Years ago, an author of a book on men and women in ministry with a PhD from a evangelical seminary spoke at a bring-your-own lunch workshop at another such school. Her opinions included the option that a woman might have biblical grounds for contributing economically to the household—a concept she pulled right out of Proverbs 31. Finally, one of the people in attendance raised a hand and asked, “But wouldn’t you concede that the ideal is for the woman to be home full-time raising the kids while the man is out working?"
Wives Are Parents, Husbands Are Babysitters?
She seemed ashamed. "Yes. That is the ideal."
At that time, my brother-in-law, Mark, and my sister, Mary, lived six blocks away. And Mark walked one of my nieces to school every morning while my sister left to teach school. A seminary student with a flexible work schedule, Mark was known in the neighborhood as the dad every kid wanted. Some afternoons my nieces came straight to our house until their parents arrived home. And none of us viewed this as unideal. In fact, we all loved it! The girls had the deep involvement of both parents, as well as the support of the extended family unit. And we enjoyed their presence.
So I think neither the speaker nor the questioner at that lunchtime talk went far enough. If we're going to speak in the realm of ideals, isn't the ideal for both parents to be around?
"She's at home, he's away at work" is a post-Industrial Revolution perspective. And while we might say it's a luxury to have a dad around during the day, it's also a luxury to have a mom around during the day. Having either set-up is a choice almost exclusively limited to two-parent, middle- and upper-class households.
But here's the good news. Despite technology’s many consequences, one benefit is that flexible work hours are increasingly available to both men and women. A couple can contribute to the economics of their household, be available to the kids, and never have to pay a dime for daycare or leave a child without at least one parent at all times (unless they're on a date).
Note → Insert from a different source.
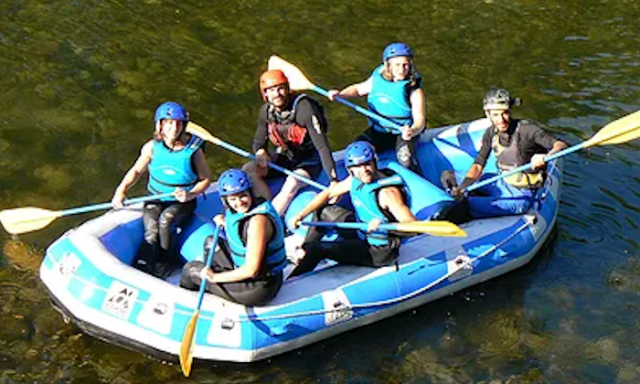 Gaia Aventure, école béarnaise sport nature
Consider what life was like in an agrarian society without modern conveniences. Both parents worked at home. Mama never got down on the floor to play “Candyland” with her little ones—she was too busy canning peaches, ironing, and feeding the rabbits. And Papa was out in the field or perhaps in the shop doing blacksmith work, engaged in the tasks that required more physical strength. But he was around. And the kids spent a portion of the day helping him. Sometimes Grandma would take the kids and give both parents a break.
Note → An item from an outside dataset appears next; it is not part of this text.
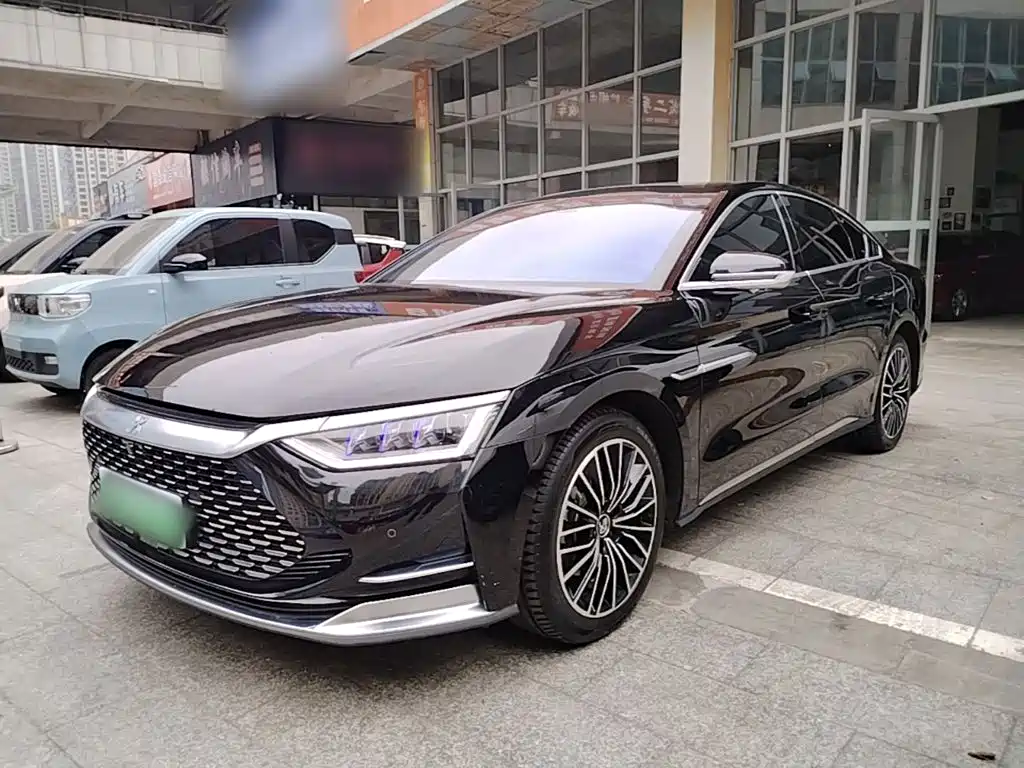 BYD Han — миниатюра 2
But industrialization yanked both fathers and mothers from the home. And until we had child labor laws, it pulled the kids out too. Only middle- and upper-class families could afford to have one parent at home. And the divorce rate skyrocketed, as the family unit no longer worked together for the common good. They hardly saw or knew each other. Even in middle-class homes where the father was the sole breadwinner and they could afford to have one parent at home full-time, the family experienced consequences. In the words of one of my students, “Our American mindset always makes it about money, and it simply isn't always about money. A man provides leadership, companionship, discipline, stability, and whatever else his gifting and abilities contribute. Having been raised in a traditional home that was bereft of a male role model because of my dad's long hours at work, I feel the void and don't believe that is God's design either.”
So, the so-called biblical ideal of Mom at home with kids and Dad at the office or in the factory is really only a Westernized application of “provide for one’s own” and “be workers at home.” (Re. the latter, Paul was doubtless writing to women who were, for the most part, already contributing economically from home, and the emphasis was not on the location but on hard work.)
One of the most devastating effects of this division of labor was and is a creeping sense that God did not “make” men to handle being around kids. Our language expresses this concept when we refer to mothers as “parents,” but dads as “babysitters.” I observe this phenomenon especially when the women go away on a retreat.
In the words of one Christian social historian, “When did we make it socially acceptable for men to be incompetent as parents?” Case in point...
A male economist/theology student with whom I discussed these ideas this week, upon viewing this clip wrote with grace:
"It is such a denial of so many giftings that he already has and could develop. It's not so black and white. it's not "man go" "woman stay" and anything inbetween is not ideal or unbiblical. This echoes what I [feel] about wanting to engage more with my kids someday (hopefully!). Maybe being at home with my kids during the day some wouldn't be a bad thing?"
God did not create women for childrearing and men for work. God gave both man and woman two tasks: Have dominion over the earth and be fruitful and multiply. And both male and female are needed, fully, to accomplish both tasks. How that looks today can vary. So let us show some grace and flexibility in considering how best to work out our Christianity when it comes to economics, the household, and childrearing.